For many of us, when we think of home, we remember one place where we spent most of our young life with our family, (followed by a few transitional abodes), then another place where we settled for most of our adulthood.
The concept of home is complex and powerful; and leaving a lifelong home late in life is among the most wrenching transitions – especially for very frail elderly who can no longer be safely self-sufficient.
(It is so tempting to use the term ”independent” – but when I am tempted to use that word, Dr. Hayakawa’s face appears in my head with his enigmatic smile, and I can almost hear his voice saying: … are you sure that’s what you mean? Is anyone truly “independent”?)

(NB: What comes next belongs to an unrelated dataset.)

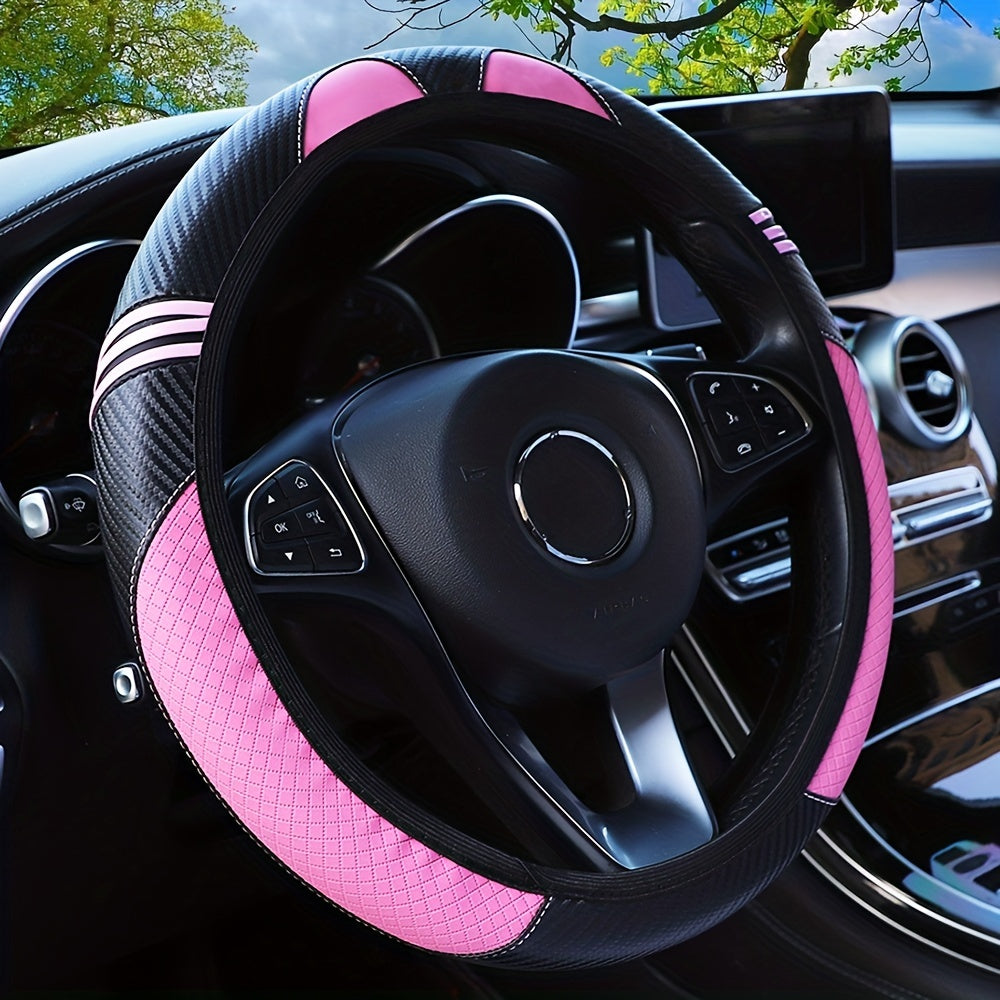 PU Leather Carbon Fiber Cute Cartoon Fashion Car Steering Wheel Cover, Fit Size 37-38CM/14.57-14.96 Inch, Car Accessories (No Inner Ring)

What a dilemma for both aspects of the situation – the caregiver charged with the responsibility of a loved one’s later years, and the elder who knows the time has come to begin to relinquish control and settle for some influence, but who is mightily resistant.
If we are fortunate enough to achieve the status of “elderly,” it is inevitable that we’ll encounter the realities of declining self-sufficiency. We will need help! We may eventually need dedicated care and oversight, and we may need to leave a beloved home we can no longer manage in, alone.
Leaving home late in life is so much more than just moving; it’s a reality check, a preamble to closure; it might even be the first time one really confronts their mortality! Imagine the fear and confusion for a person who can no longer comprehend why they are being moved away from all they know and love – a person who cannot understand where their garden or favorite room has gone.
Leaving home because you wanted to was so exciting at eighteen or twenty with the world at your feet! You were leaving home to live away at college, join the service, live with the one you loved, get married, or just travel! But having to move from your home, with sadness and fear, because you can no longer function there safely, is quite another matter.
Home is partly a state of mind, and partly the sense of a specific place with its smells, its details, views and memories. Having to leave against one’s wishes must feel like forever has just arrived and you can’t quite see tomorrow. It is a tearing of real fabric because there are parts that can only be remembered … that can’t be brought along.
The experience of leaving a long-time home can break a heart in two – or open a new door of relief and unburdening. How it goes depends on the stewardship of that delicate passage. The irony (it seems to me) is in the coincidence that just when we need that familiar security the most, is often exactly when we must give it up.
One can only hope to do it with grace.